**YOUR GOAL:** Your task is to transcribe each record exactly and to omit every image.

Crawled caption data:
******

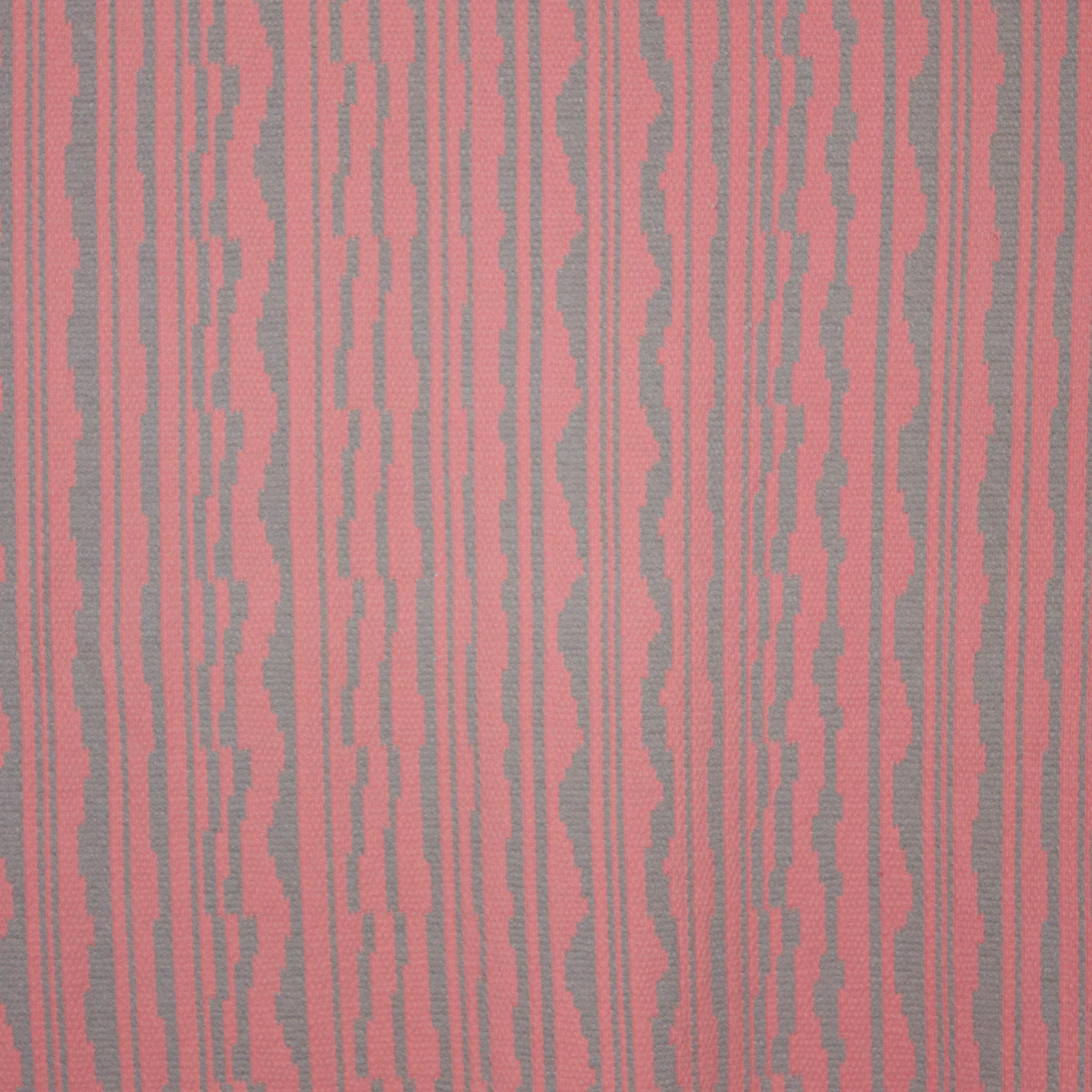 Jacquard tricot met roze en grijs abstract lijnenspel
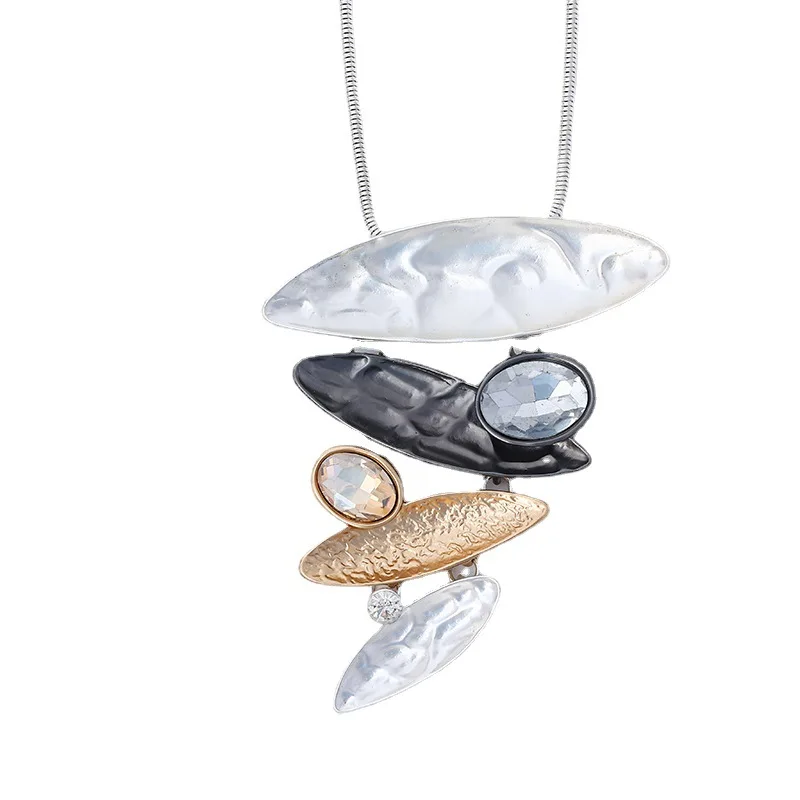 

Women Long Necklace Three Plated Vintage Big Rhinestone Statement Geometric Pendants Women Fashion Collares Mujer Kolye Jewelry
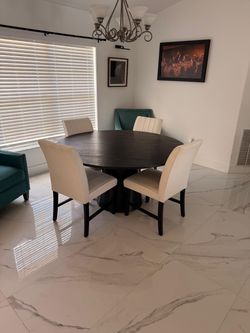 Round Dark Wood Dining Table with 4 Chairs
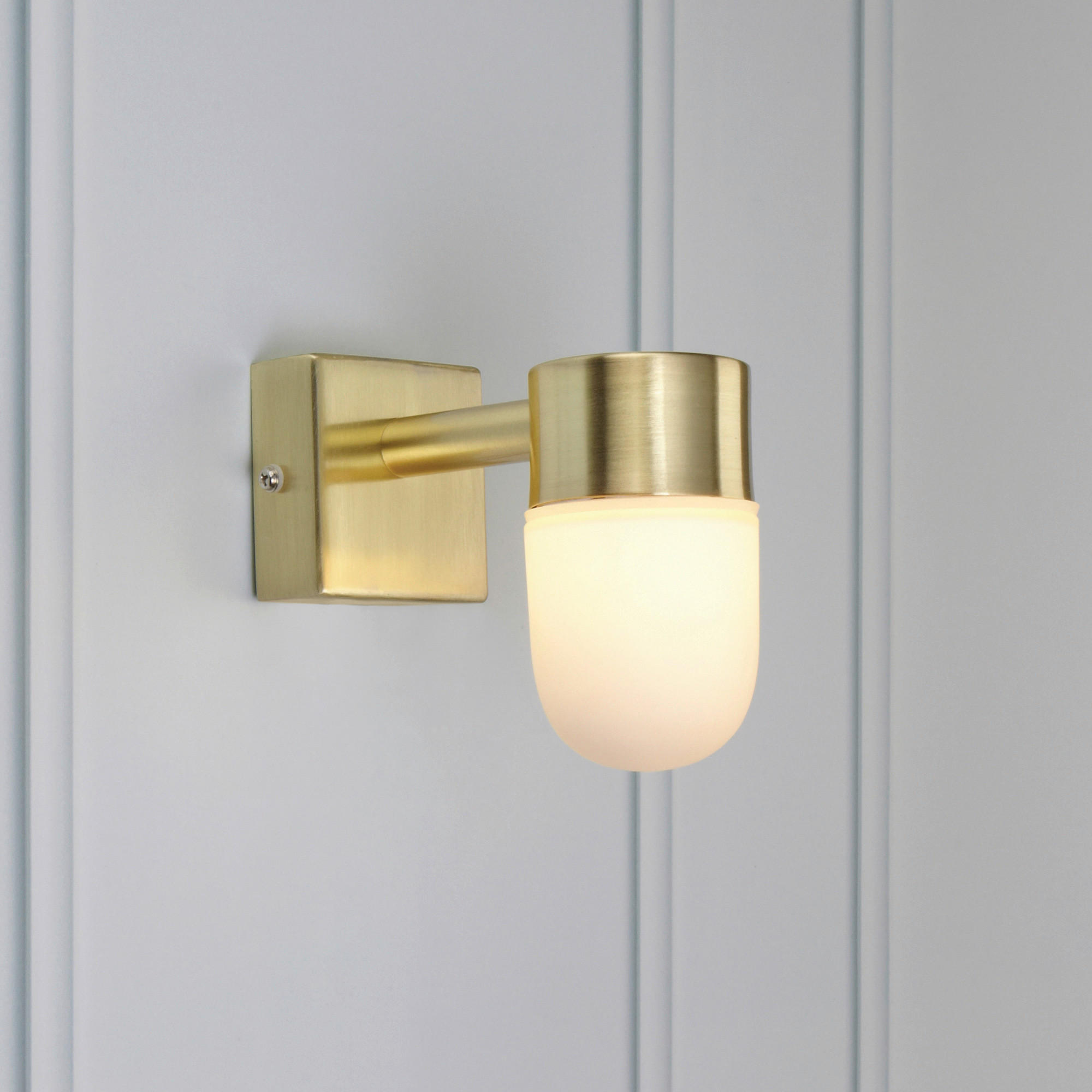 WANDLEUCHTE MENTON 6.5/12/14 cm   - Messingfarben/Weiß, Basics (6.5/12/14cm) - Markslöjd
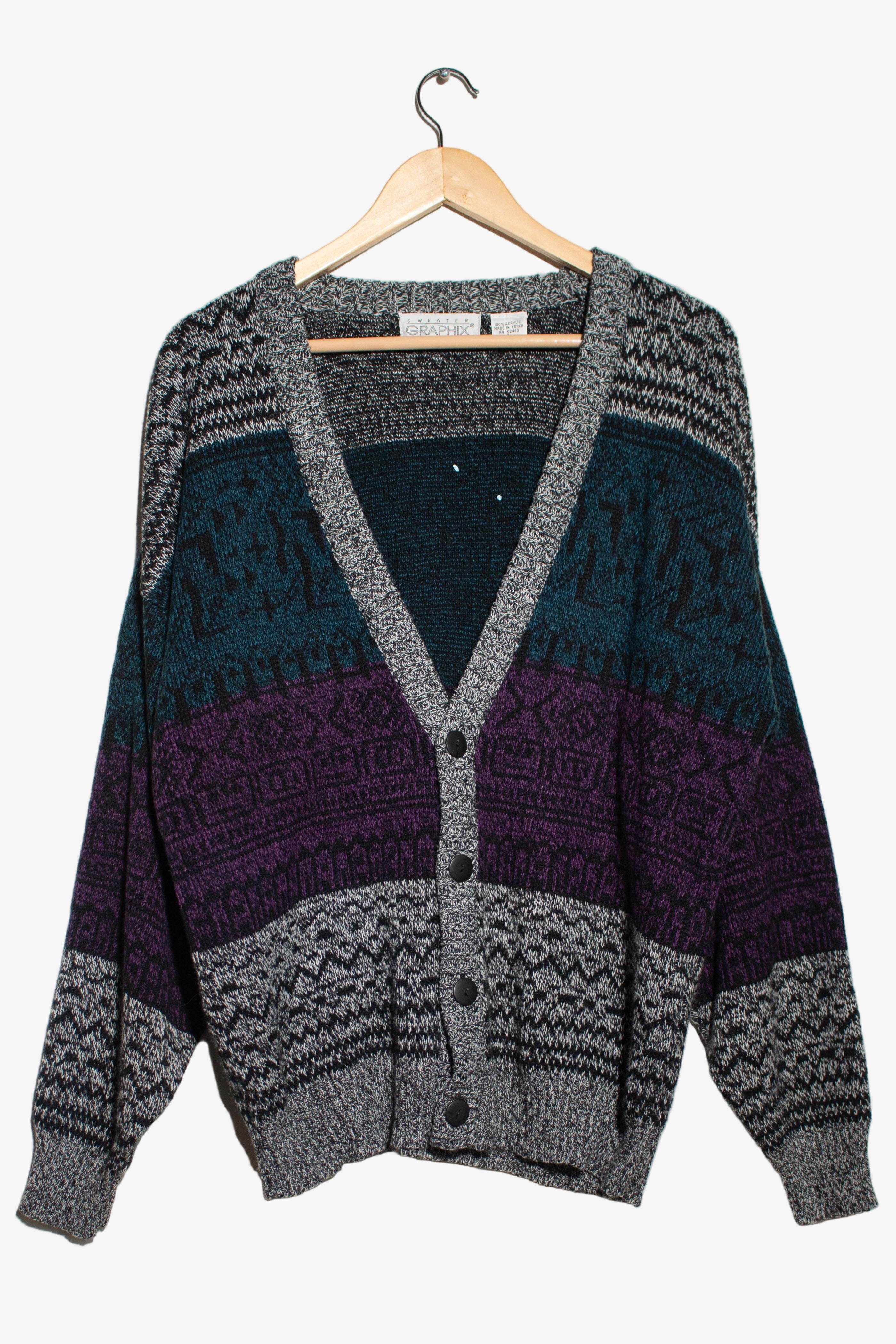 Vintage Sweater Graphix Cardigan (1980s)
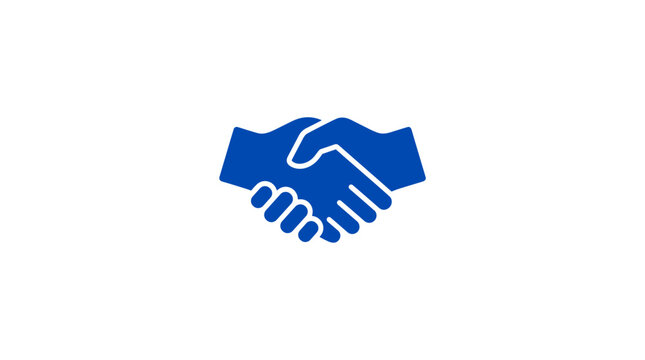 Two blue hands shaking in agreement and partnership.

******

**RESPONSE:**
 Jacquard tricot met roze en grijs abstract lijnenspel

Women Long Necklace Three Plated Vintage Big Rhinestone Statement Geometric Pendants Women Fashion Collares Mujer Kolye Jewelry
 Round Dark Wood Dining Table with 4 Chairs
 WANDLEUCHTE MENTON 6.5/12/14 cm   - Messingfarben/Weiß, Basics (6.5/12/14cm) - Markslöjd
 Vintage Sweater Graphix Cardigan (1980s)
 Two blue hands shaking in agreement and partnership.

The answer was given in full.